A relação avós e netos


1. Durante o "decurso da vida" (Charlotte Bühler, A psicologia na vida do nosso tempo (p. 310-312), vão mudando estatutos e papéis que desempenhamos na família e na sociedade. Mais tarde ou mais cedo, seremos avós. Ao adquirirmos este estatuto e desempenharmos este papel, um dos principais objectivos será ajudar os filhos, ajudando os netos. Manter as tradições familiares, passar testemunho das memórias e histórias familiares são também objectivos da interacção de avós e netos.

2.  Na sociedade actual, os avós continuam a ter um papel essencial nesse processo educativo. Certamente que os avós actuais são diferentes dos avós do passado, como os pais actuais são diferentes dos do passado,  e os papéis que desempenham são igualmente diferentes, como é normal que aconteça dadas as mudanças  havidas  na família e sociedade. 
O papel dos avós é hoje ainda mais importante do que no passado, devido às alterações que aconteceram na sociedade e na estrutura da família, como as famílias monoparentais, famílias reconstituídas, e as alterações, algumas difíceis, verificadas na vida familiar: emigração,  prisão,  toxicodependência, incapacidade educativa dos pais ...

3. Essas diferenças sociais e familiares deveriam ter um acompanhamento por parte do sistema social e isso nem sempre acontece(u).
De facto, segundo um estudo de 2014*, “As limitações impostas às prestações sociais pagas aos pais e às mães que ficam em casa a cuidar dos filhos, as poucas oportunidades de trabalhar a tempo parcial e a escassa oferta de estruturas de acolhimento de crianças a preços acessíveis, levam a uma maior dependência das famílias.”
Ao mesmo tempo que os Governos querem manter por mais tempo os mais velhos no mercado, cortam nos apoios e prestações às famílias.  A "ginástica" que os pais têm que fazer para cuidar e educar os filhos  é mais complexa.

4. O apoio dos avós é essencial mas também difícil dado que o cuidado individualizado que é necessário ter é exigente, também para eles.
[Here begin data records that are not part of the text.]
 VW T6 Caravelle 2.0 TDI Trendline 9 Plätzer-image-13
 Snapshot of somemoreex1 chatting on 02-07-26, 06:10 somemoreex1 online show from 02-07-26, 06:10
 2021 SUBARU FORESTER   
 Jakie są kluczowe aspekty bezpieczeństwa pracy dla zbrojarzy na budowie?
Isto é, cada caso é um caso, e é preciso saber que não há avós em geral mas avós concretos: os avós do João, da Maria, do Francisco...
O apoio dos avós pode assumir aqui muitos significados que vão da ajuda financeira, a ajuda na educação, colmatando as lacunas deixadas pelos sistemas de apoio social. Os avós podem ser alternativa à ama, à creche ou ao "sozinho em casa".
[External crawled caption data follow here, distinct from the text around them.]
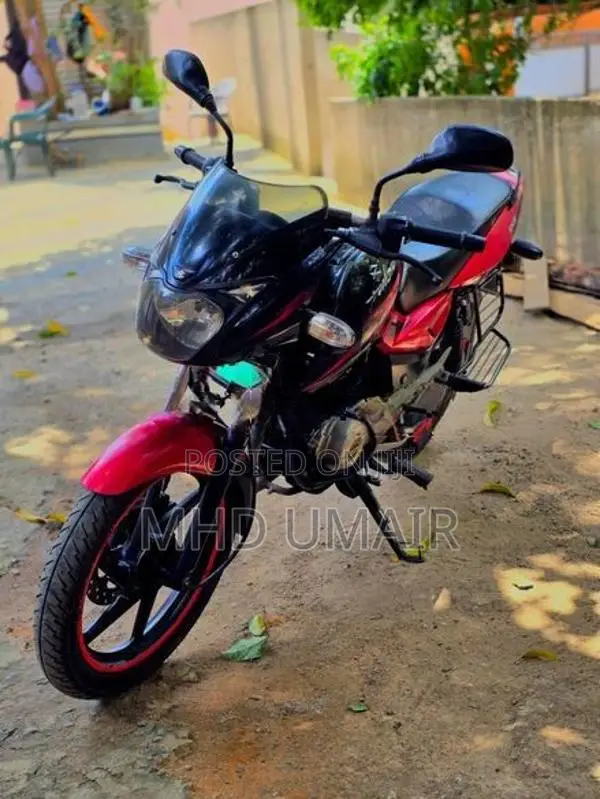 Bajaj Pulsar 150 2015
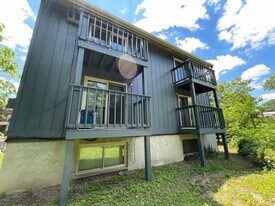 2024 Summit St in Columbus, OH - Building Photo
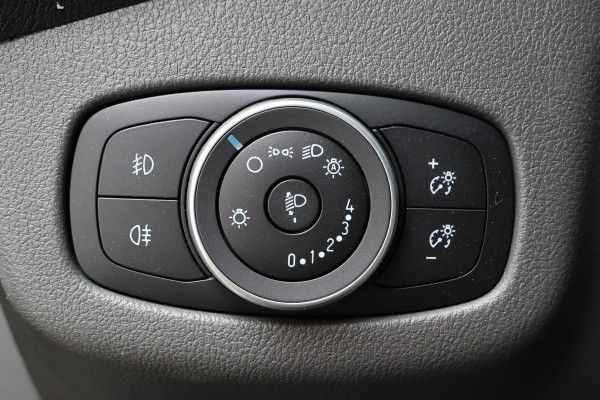 Ford Transit Connect 1.5 EcoBlue L2 Sport 120 PK | 8-Traps Automaat | L+R Schuifdeur | Navigatie | Camera | CarPlay | Keyless Go | Climate control | Stoelverwarming | Trekhaak | Lederen bekleding | DAB | Dealer onderhouden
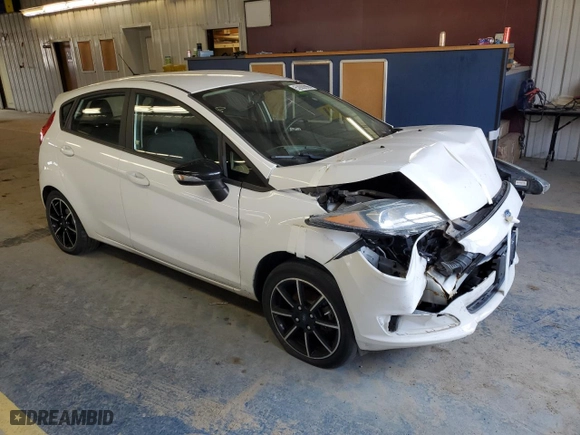 2019 Ford Fiesta SE with VIN 3FADP4EJ9KM124702, listed as a Copart auction lot 52696395 with 95,742 mi miles and Clean Title. Bid and sale history available at carsss.com. Image 4.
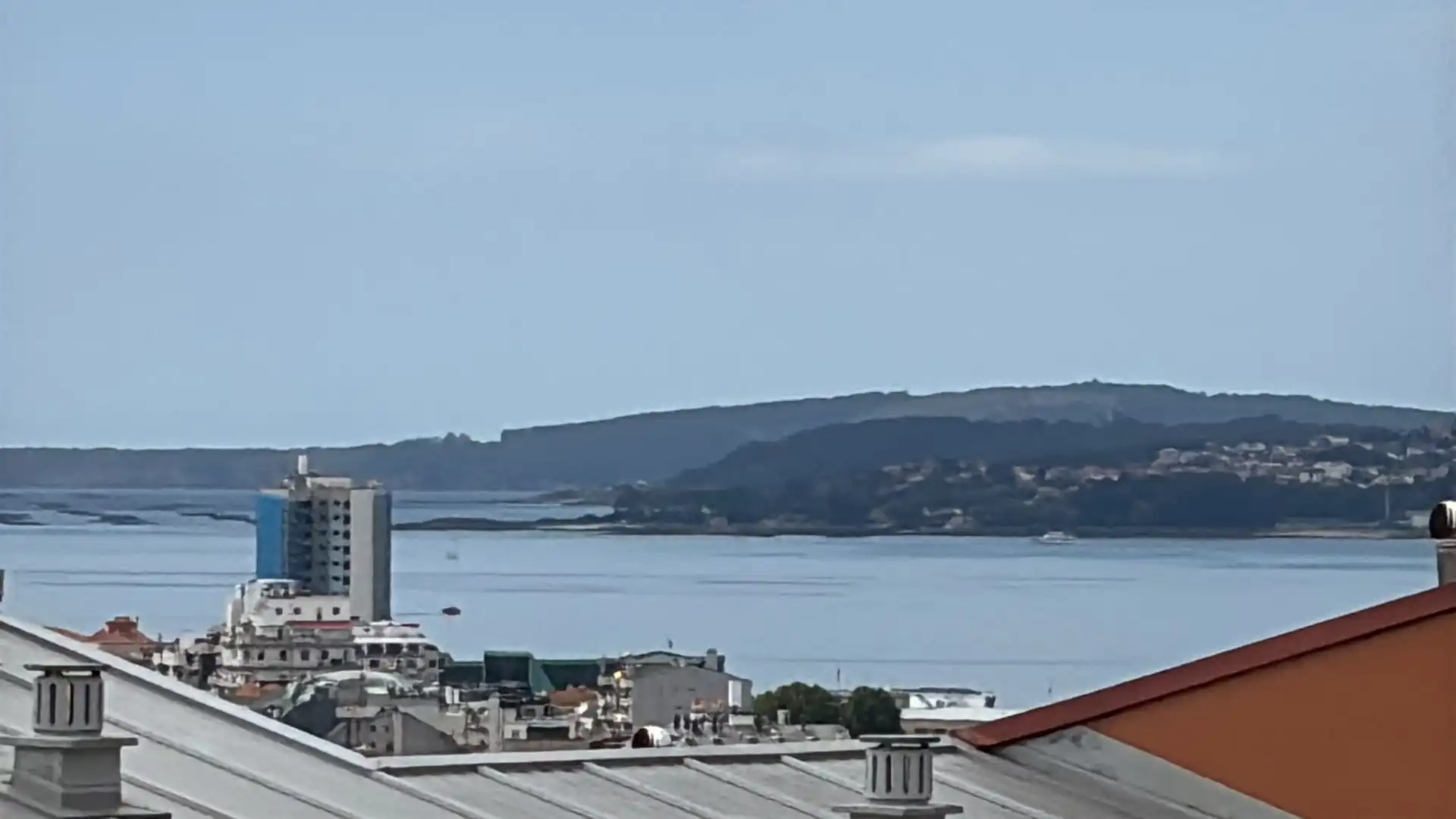 Flat for rent in Vigo   with Terrace, Furnished and Oven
5. Dão-se como adquiridas algumas competências dos avós, embora possa não ser bem assim. Diz-se que a grande vantagem no desempenho deste papel parece ser a disponibilidade. Não sei se alguma vez foi assim, mas muitos avós, depois da reforma, continuam a ter actividades suficientes para lhes ocuparem o tempo, tendo em conta a diversidade da oferta de actividades que existem actualmente. Hoje os avós têm uma  disponibilidade voluntária - é uma opção e uma principal prioridade. O tempo disponível dos avós não cai então do céu só porque  os avós estão reformados.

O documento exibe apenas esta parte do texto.